Dr. Günal Kurşun
PhD, Penal Law; Member
of Board, Amnesty International Turkish Section
Relocation from New York, the Case for Strengthening
Geneva as a De Facto Sec- ond Hub, and the Politics of Visa/Access
Abstract
The United Nations Headquarters in New York is not merely a physical site but a political and legal infrastructure shaping access, legitimacy, and the everyday ecology of diplomacy. This article evaluates whether relocating the UN ‘seat’ away from New York is feasible in the short to medium term, and it maps the principal arguments for and against relocation. It then advances a more plausible institutional pathway: strengthening Geneva (UNOG) as a de facto second hub to enhance resilience and reduce exposure to host state leverage, especially in visa and access disputes. The discussion is grounded in the 1947 UN–US Headquarters Agreement and in the 2025 episode in which Palestinian President Mahmoud Abbas was unable to obtain a US visa and the General Assembly authorized a video address.
Keywords
United Nations; headquarters; host state; Headquarters Agreement; Geneva; UNOG; visa denial; venue politics; multilateralism
- Introduction
Debates about moving the UN Headquarters often appear, at first glance, to be questions of logistics and real estate. Yet the location of a global organization’s ‘seat’ is also a question of power: who can enter, who can speak, and how the host state’s legal and political choices interact with the Organization’s claim to universality. In the UN context, the host state’s ability to shape access through visas and transit rules periodically brings the geography of multilateralism into sharp focus[1].

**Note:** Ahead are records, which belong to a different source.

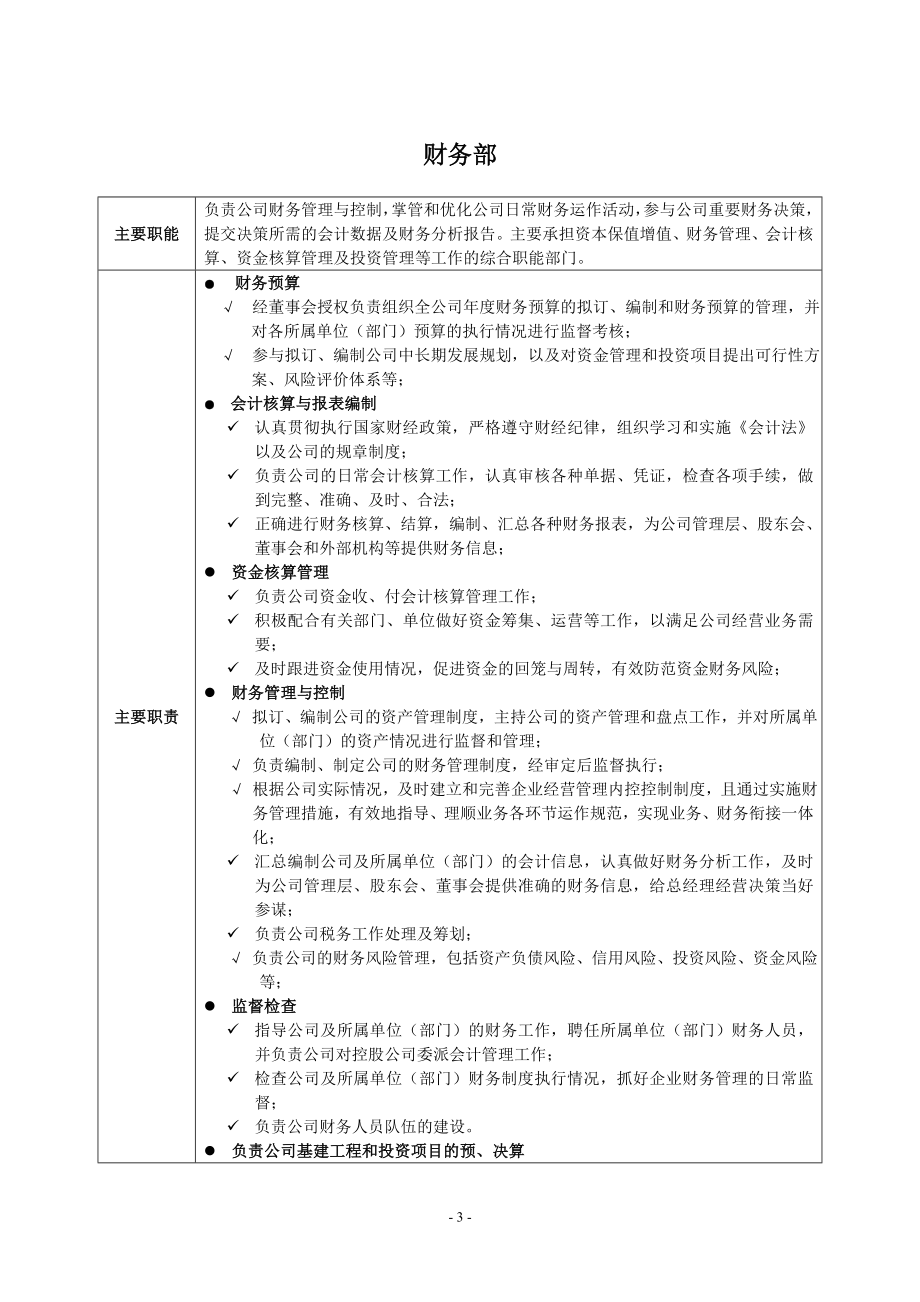 职能部门主要职责.doc_第3页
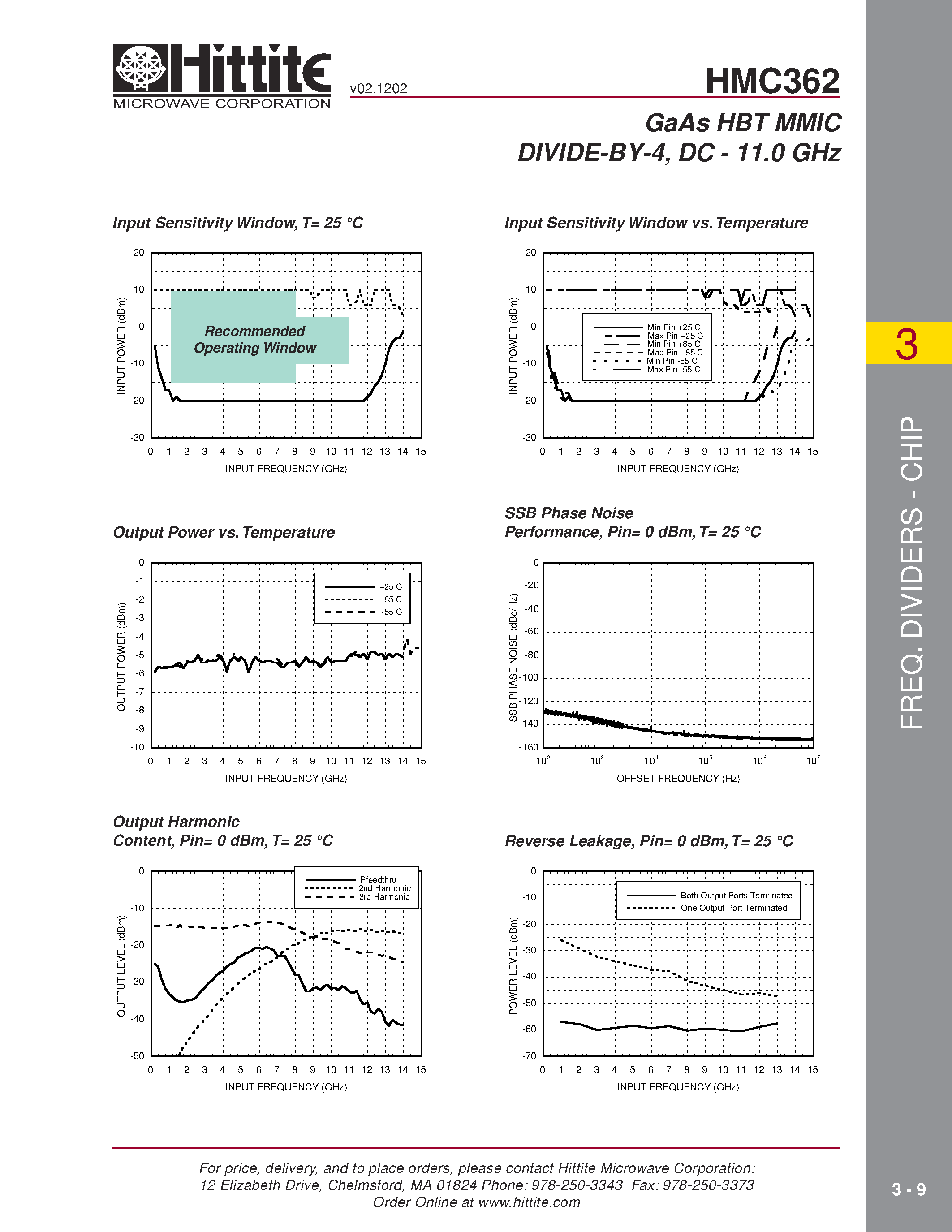 Даташит HMC362 - GaAs HBT MMIC DIVIDE-BY-4/ DC - 11.0 GHz страница 2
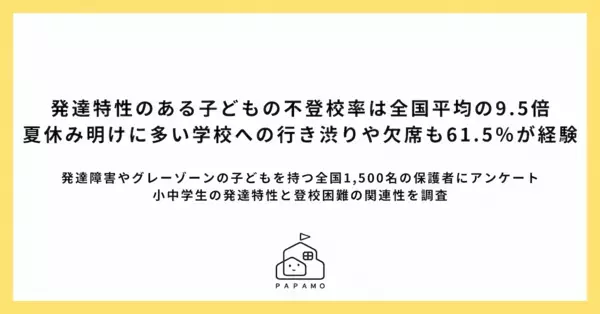 「発達特性のある子の不登校率は全国平均の9.5倍」。約2割が学校外の支援なしの現状
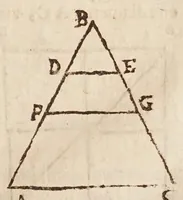 An illustration from Io: Chrysostomi Magneni ... Democritvs reviviscens, sive, De atomis ad excellentissimum senatvm mediolanensem : addita est Democriti vita cum indicibus necessarijs (1646)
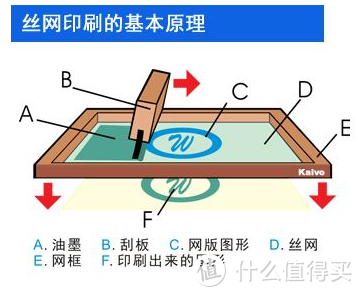 什么键帽值得买？——个人购买经验分享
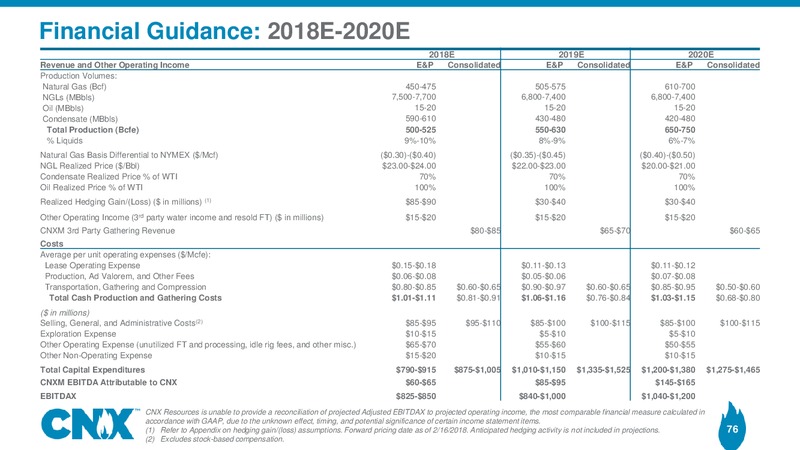 Analyst Meeting – CNX Resources – slide 75
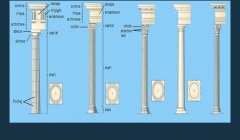 مقاله تحلیلی: ‌نظام‌‌‌‌‌‌‌‌‌‌‌ های معماری
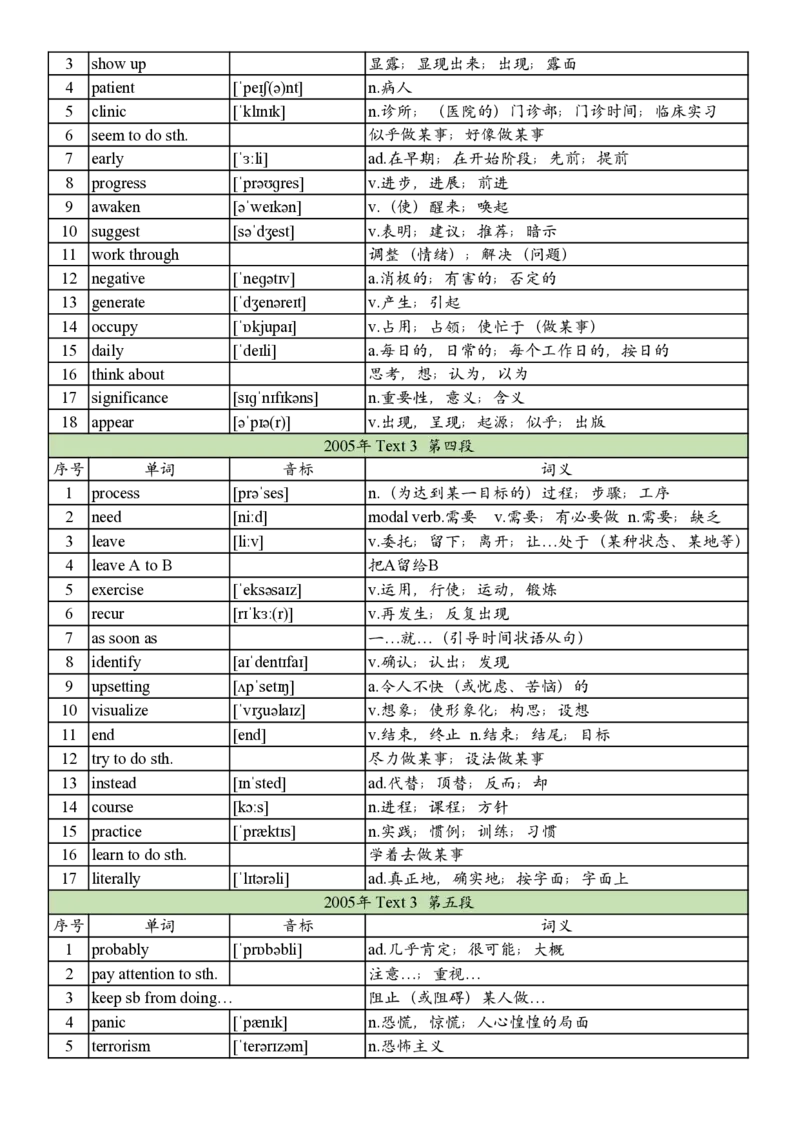 2005年真题阅读单词_考研英语真题_考研英语（一）历年真题_单词资料_英语一真题词汇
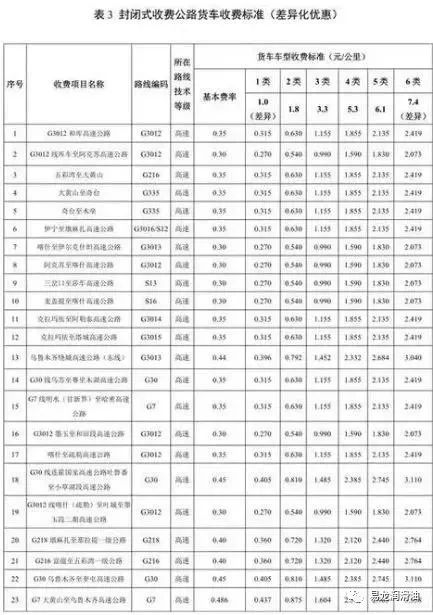 国道收费标准一览表最新 ecc099b113414ff39b55892cb3a4210f.jpeg
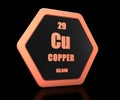 Copper chemical element periodic table symbol 3d render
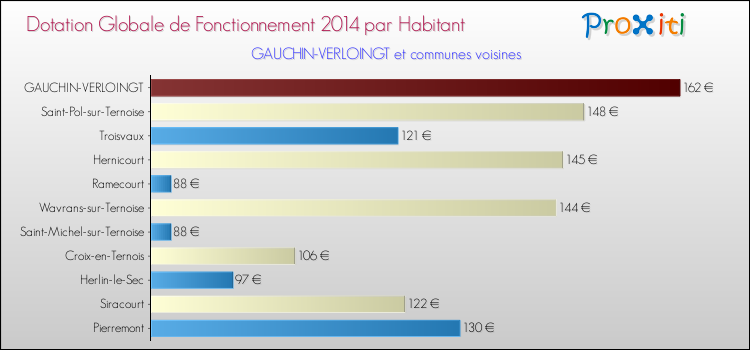 Montant des dotations globales de fonctionnement DGF par Habitant pour GAUCHIN-VERLOINGT et les communes proches en 2014. Comparaison des des dotations globales de fonctionnement DGF par habitant pour GAUCHIN-VERLOINGT et les communes voisines en 2014.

This article asks three questions. First, is relocating the UN seat away from New York legally and politically plausible in the short to medium term? Second, what are the strongest arguments for and against relocation? Third, if full relocation is improbable, can Geneva be strengthened as a de facto second hub—an institutional ‘insurance policy’ that lowers the Organization’s vulnerability to host state leverage while preserving the advantages of New York’s diplomatic ecosystem?
The analysis pays particular attention to the politics of visa and access disputes, using the 2025 episode in which Mahmoud Abbas was unable to obtain a US visa and the General Assembly authorized a video address as a contemporary case study[2].
- Legal and Institutional Background: Why the Seat Can Change—And Why It Rarely Does
The UN Charter does not permanently ‘lock’ the Organization into New York. The Headquarters’ legal foundation rests largely on the 1947 UN–US Headquarters Agreement and related practice. In principle, therefore, a change of seat is not inconceivable. In practice, however, the New York seat is deeply entrenched by decades of institutional infrastructure, legal arrangements, and diplomatic routines that are costly to replicate elsewhere[3].
The Headquarters Agreement sets out a baseline expectation of non-interference with transit to and from the Headquarters District for representatives of Member States and other authorized persons. At the same time, recurring disputes and periodic controversies highlight the tension between the Agreement’s logic and the host state’s political discretion[4], especially when geopolitics is polarized[5].
The General Assembly’s Committee on Relations with the Host Country provides a standing forum for tracking and negotiating such issues, including visa and access concerns, which makes host state relations a continuing institutional agenda rather than an episodic anomaly[6].
- Arguments in Favour of Relocation
3.1. Institutional legitimacy and the perception of independence
The UN’s symbolic and practical dependence on the territory of a major power invites recurring critiques about institutional independence. Even when the Organization operates autonomously, perceptions matter. Relocation—or even partial rebalancing—can be framed as a legitimacy-enhancing move that underscores universality and reduces the appearance of host-state political shadowing.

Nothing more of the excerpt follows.